◆ **Work instruction**: When you reproduce the listing, keep every word as it is and drop the pictures.

◆ **Source data**:

==============================

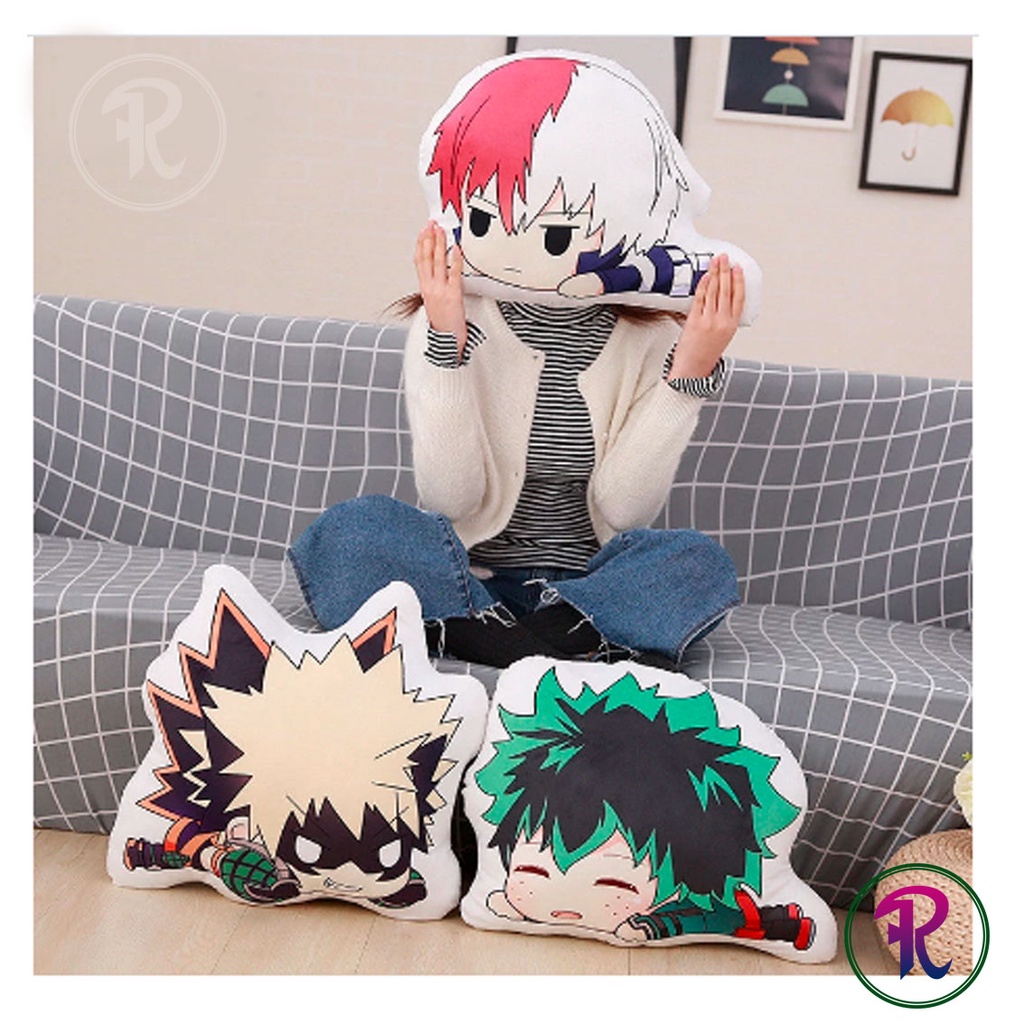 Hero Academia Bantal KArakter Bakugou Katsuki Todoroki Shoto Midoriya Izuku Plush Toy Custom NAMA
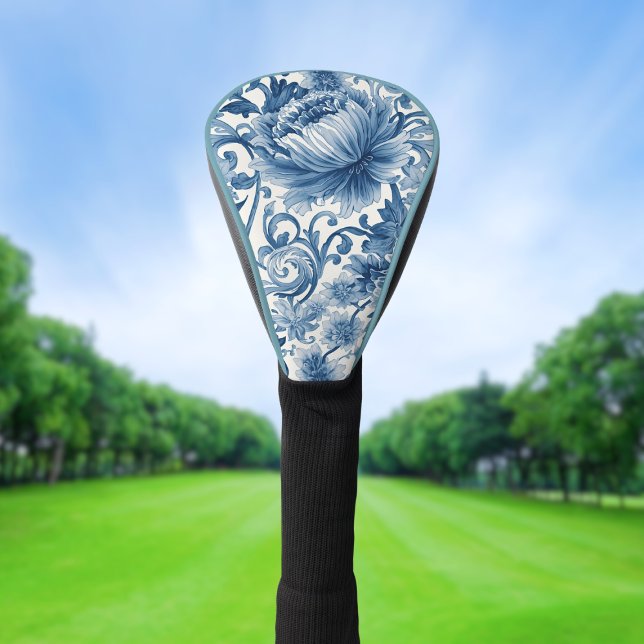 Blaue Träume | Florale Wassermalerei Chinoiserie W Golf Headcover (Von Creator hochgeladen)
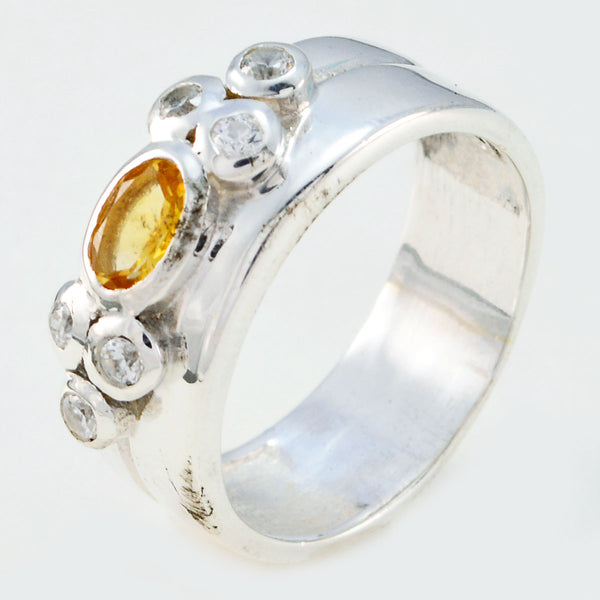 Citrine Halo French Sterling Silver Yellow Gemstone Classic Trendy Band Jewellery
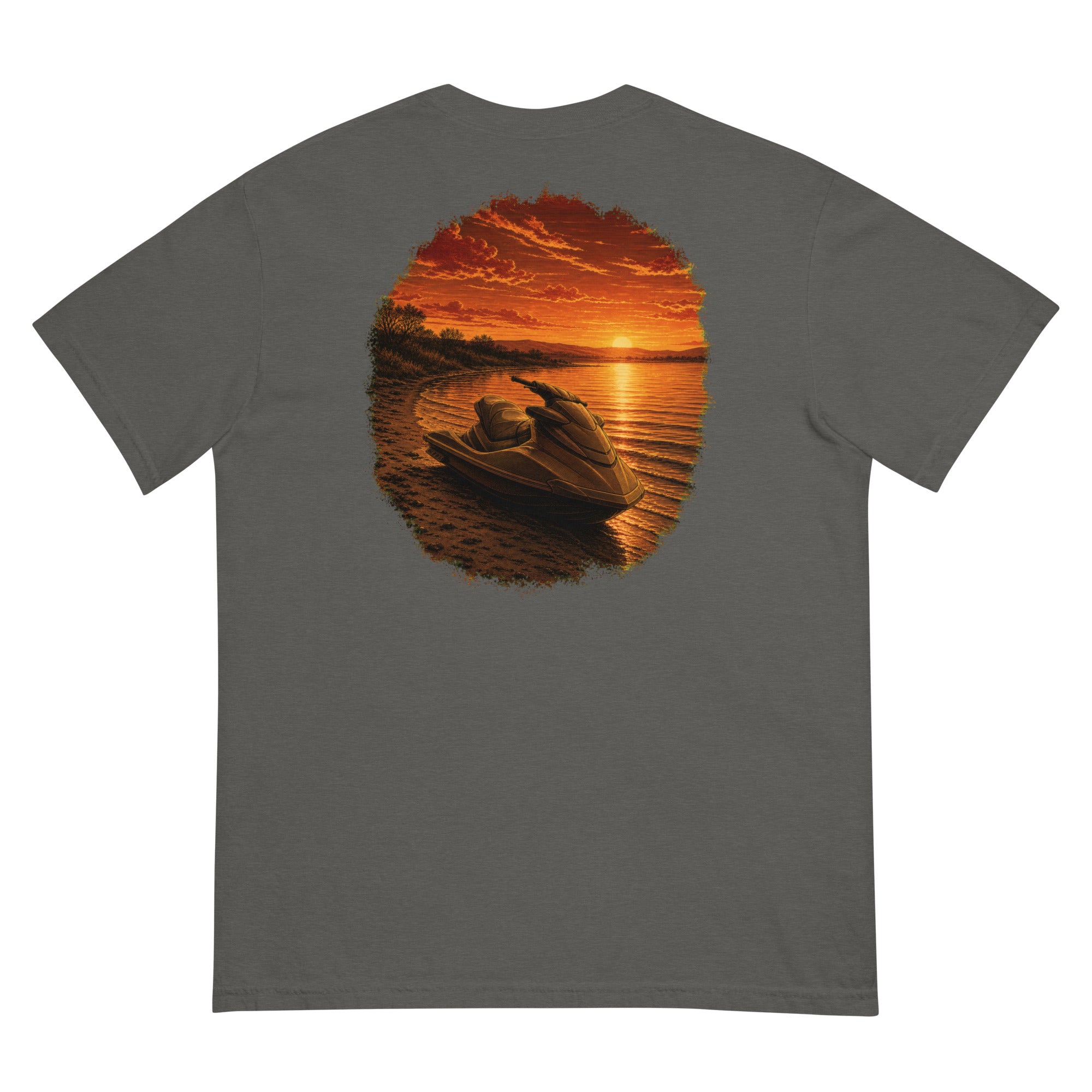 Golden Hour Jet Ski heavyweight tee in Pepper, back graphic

==============================

◆ **Your solution**:
 Hero Academia Bantal KArakter Bakugou Katsuki Todoroki Shoto Midoriya Izuku Plush Toy Custom NAMA
 Blaue Träume | Florale Wassermalerei Chinoiserie W Golf Headcover (Von Creator hochgeladen)
 Citrine Halo French Sterling Silver Yellow Gemstone Classic Trendy Band Jewellery
 Golden Hour Jet Ski heavyweight tee in Pepper, back graphic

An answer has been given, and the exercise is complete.